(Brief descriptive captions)
+---+

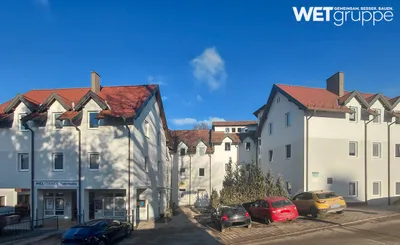 3-Zimmer-Wohnung mieten in Lilienfeld – 75,28 m², € 628 – Bild 10 von 10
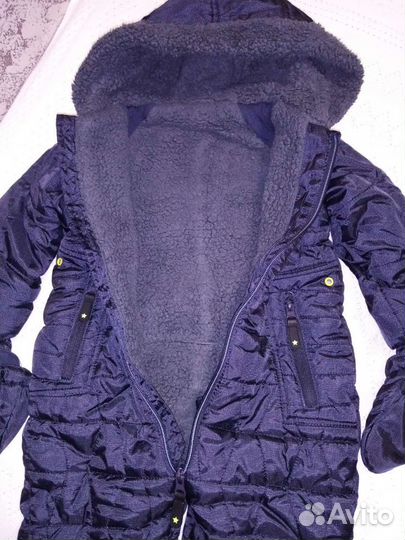 Комбинезон демисезонный на мальчика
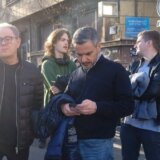 Lutovac (DS): Građani brane Ustav, a Vučić ga krši jer širi mržnju 3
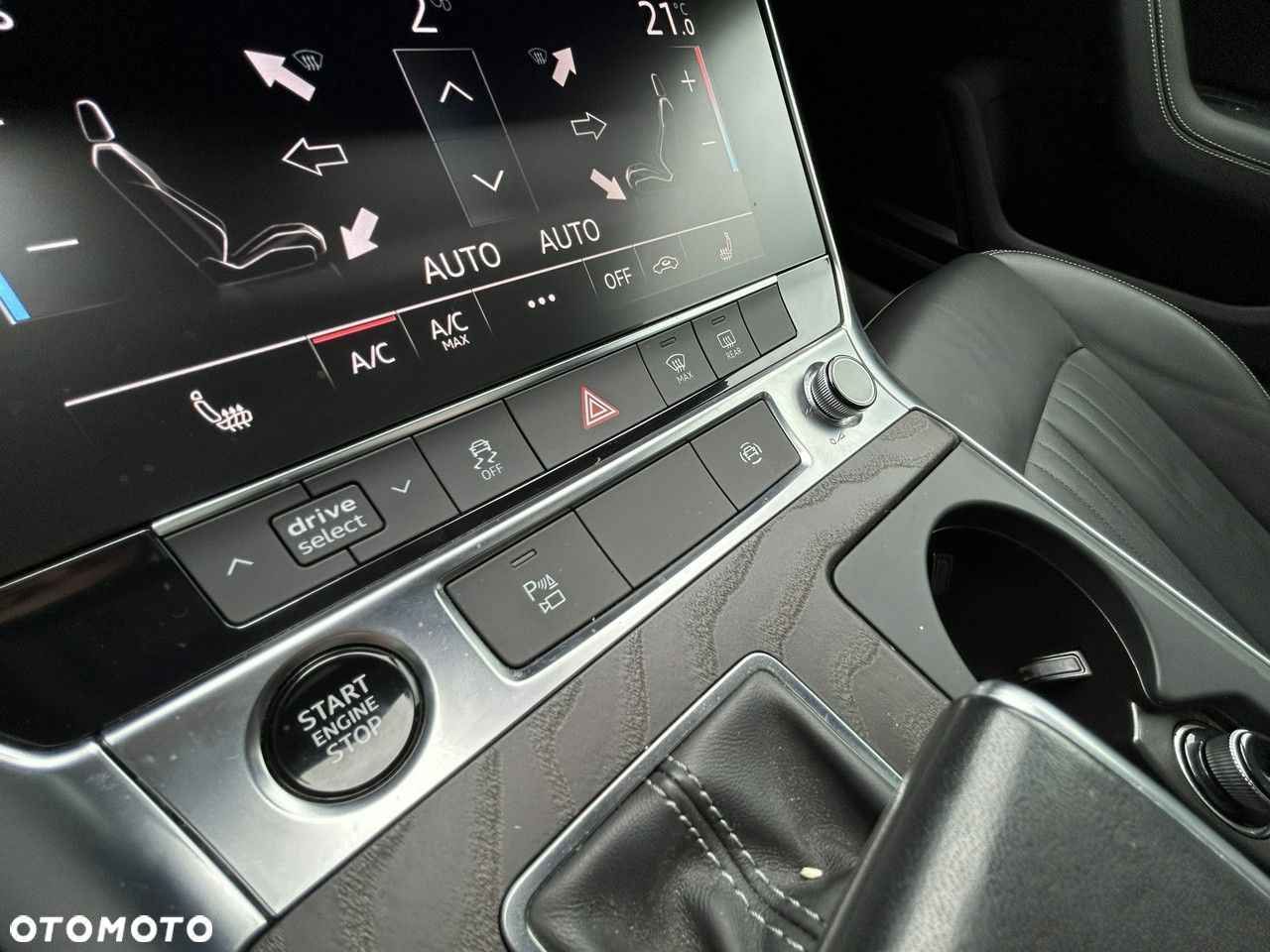 Audi A6 - 19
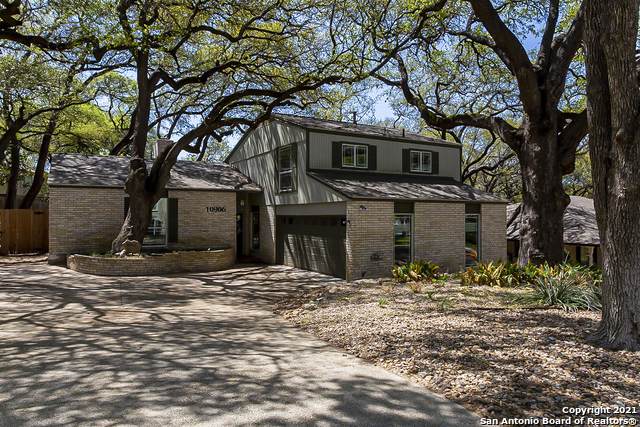 10906 Whisper Hollow St - Photo 1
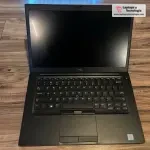 Laptop Estudiantil Dell Latitude 7480 14" I5-6300U 16GB RAM 128GB SSD M.2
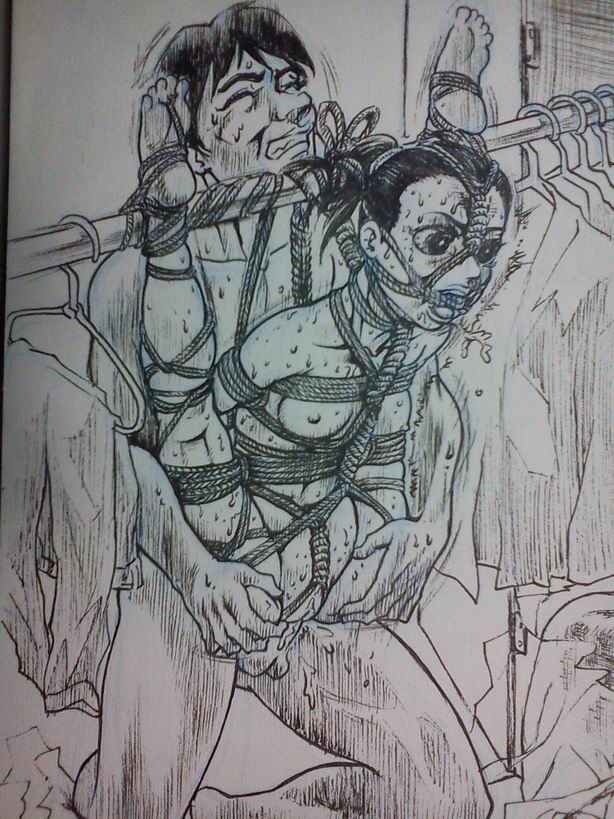 Pixiv image collection page 6 full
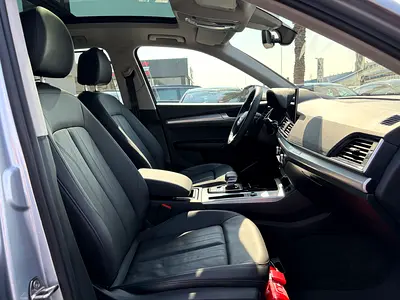 Audi Q5 45 TFSI quattro, миниатюра 11
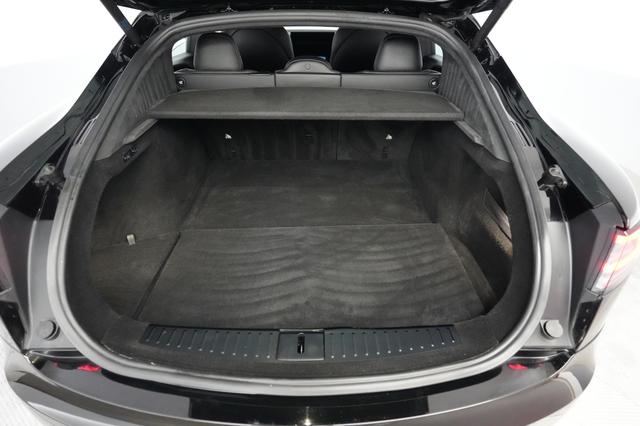 2023 Tesla Model S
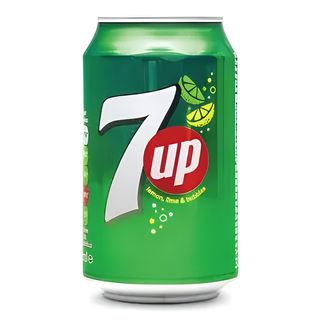 7Up (0,25 л.)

+---+

WORK INSTRUCTION ▸ Only the lines from the one containing "Pixiv image collection page 6 full" through the end of the records above should be retyped, exactly as they stand, with any pictures left out.

SOLUTION FOR THIS EXERCISE ▸
 Pixiv image collection page 6 full
 Audi Q5 45 TFSI quattro, миниатюра 11
 2023 Tesla Model S
 7Up (0,25 л.)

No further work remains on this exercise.